I have a crazy chart, even with a cost per spray for each product. let me know if interested, I can email to you.


----------



## TonyR (Sep 15, 2017)

I use mancozeb and spray every 14 days starting right after bud break till the grapes start to change color. Then use Captan till a few weeks before harvest. Are you planning to make wine from these grapes. Have you ever had any of these wines. I think they are a very acquired taste for wine. Good luck


----------



## Stressbaby (Sep 15, 2017)

shrewsbury said:


> sovran. abound, mancozeb, immunox will be the 4 fungicides I use.
> 
> the trick (may be) spacing your sprays apart correctly and using sovran closer to harvest time. Making sure to not spray more times than recommended, which is about 4-5 times per year per product. The abound is the only real expensive one, but a gallon should last a few years.
> I have a crazy chart, even with a cost per spray for each product. let me know if interested, I can email to you.

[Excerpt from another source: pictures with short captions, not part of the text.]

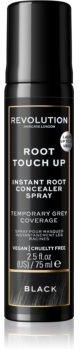 Revolution Haircare Root Touch Up Volume błyskawiczny retusz włosów w sprayu odcień Black 75 ml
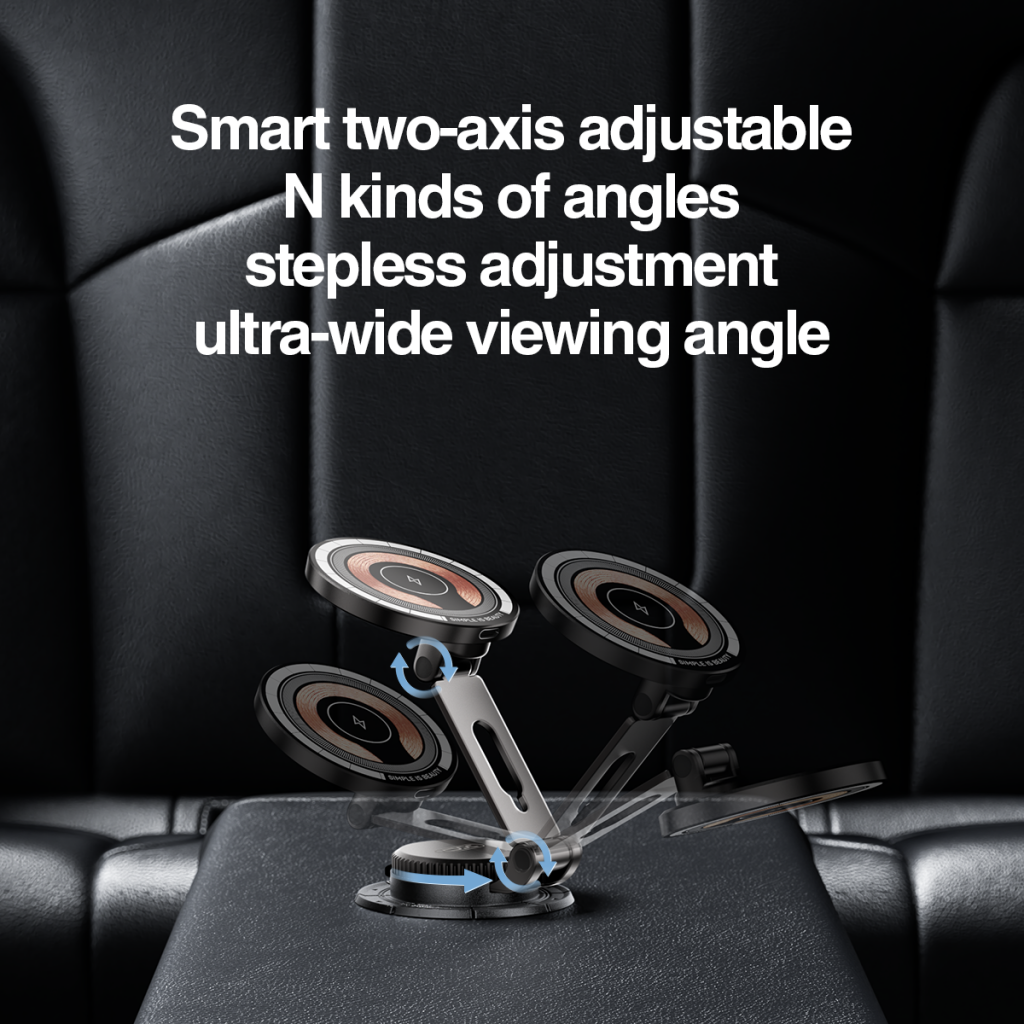 Bežični auto punjač XO Design CX036, 15W, 1.67A, Crni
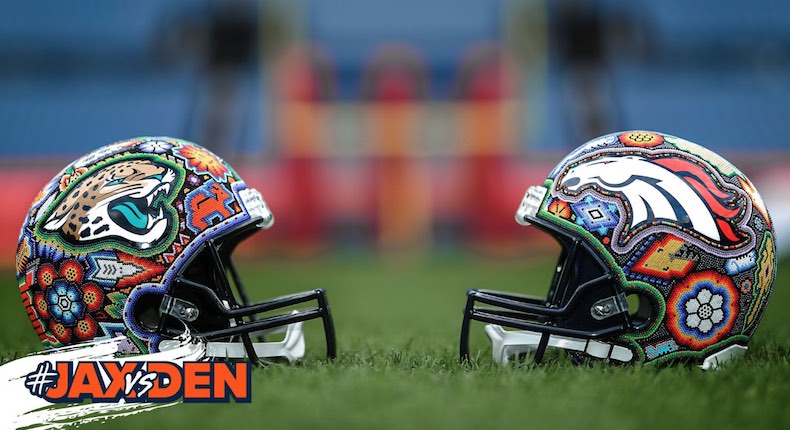 VIDEO: Broncos y Jaguares dan a conocoer cascos con arte huichol
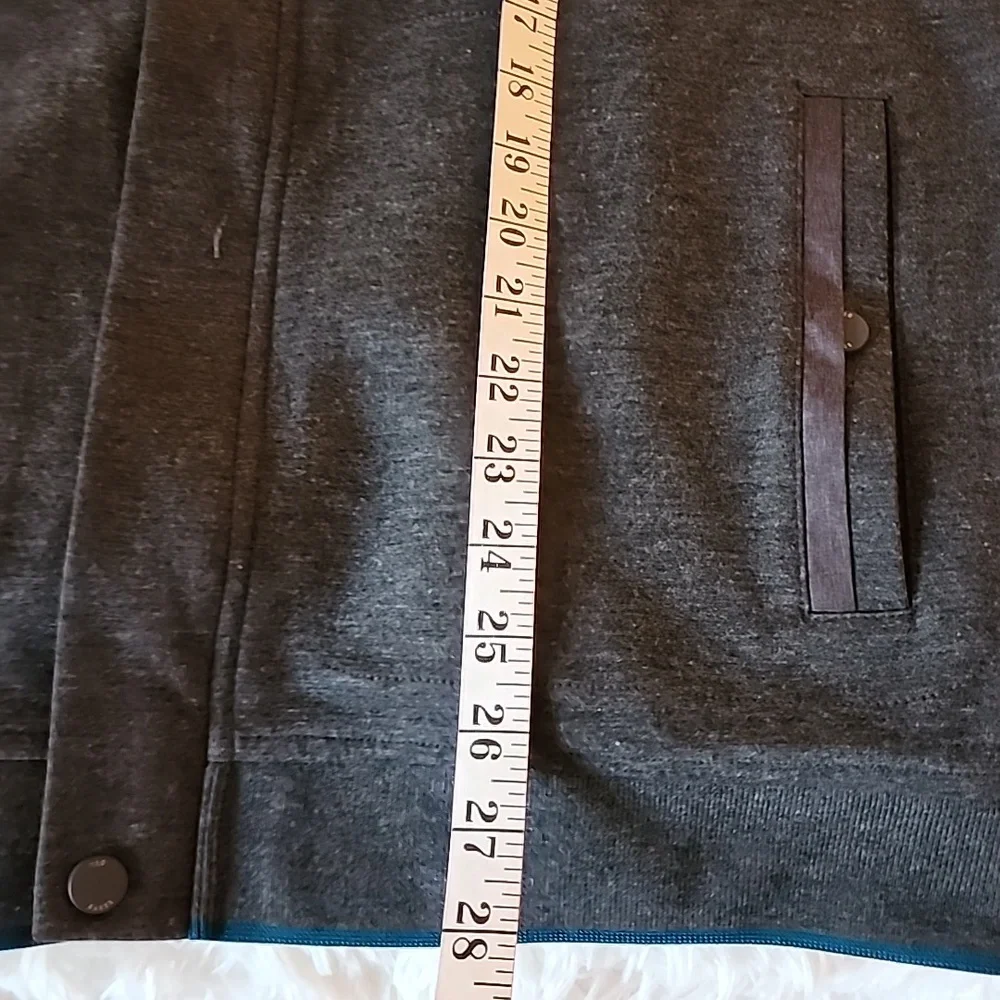 Ted Baker London  Full Zip Dark Gray Sweatshirt  Jacket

I'll take it. I will PM you. Thanks.


----------



## cgallamo (Sep 18, 2017)

shrewsbury said:


> sovran. abound, mancozeb, immunox will be the 4 fungicides I use.
> 
> the trick (may be) spacing your sprays apart correctly and using sovran closer to harvest time. Making sure to not spray more times than recommended, which is about 4-5 times per year per product. The abound is the only real expensive one, but a gallon should last a few years.
> I have a crazy chart, even with a cost per spray for each product. let me know if interested, I can email to you.



I'll take it too! I sent you a PM. I have a spray program as well similar to this, but it has just been ok.


----------



## jandrew156 (Sep 22, 2017)

TonyR said:


> I use mancozeb and spray every 14 days starting right after bud break till the grapes start to change color. Then use Captan till a few weeks before harvest. Are you planning to make wine from these grapes. Have you ever had any of these wines. I think they are a very acquired taste for wine. Good luck



Well, my plan was to make grapes but hearing you makes me wonder!
Are there other types that will make better wine but still do well in PA?

Thanks!


----------



## TonyR (Sep 22, 2017)

I grow Petite Pearl and they do just fine. Makes a very good wine along the lines of California grapes. The acid is very low so if you like a dry wine this is the way to go. None of those funky tastes you get from most Pa wines. I am growing my vines 60 miles north of Pittsburgh, just above I-80.


----------



## Masbustelo (Sep 22, 2017)

Tony what were the numbers on your Petite Pearl this year. I went up to Wisconsin and picked 75 pounds. It was brix 21 and pH 3.40. Five gallon buckets filled to the top only weighed 16 pounds.


----------



## shrewsbury (Sep 22, 2017)

cgallamo said:


> I'll take it too! I sent you a PM. I have a spray program as well similar to this, but it has just been ok.



I did not get a pm from you


----------



## Stressbaby (Sep 23, 2017)

@shrewsbury

Great stuff, thanks very much. I'm going to compare this with what I have already. I can already say I will probably substitute Captan immediately preharvest because 1) I already have some and 2) the PHI is zero versus Sovran which has PHI 14 days. Also, I think I'll have to combine something with the mancozeb early on for better PM control.


----------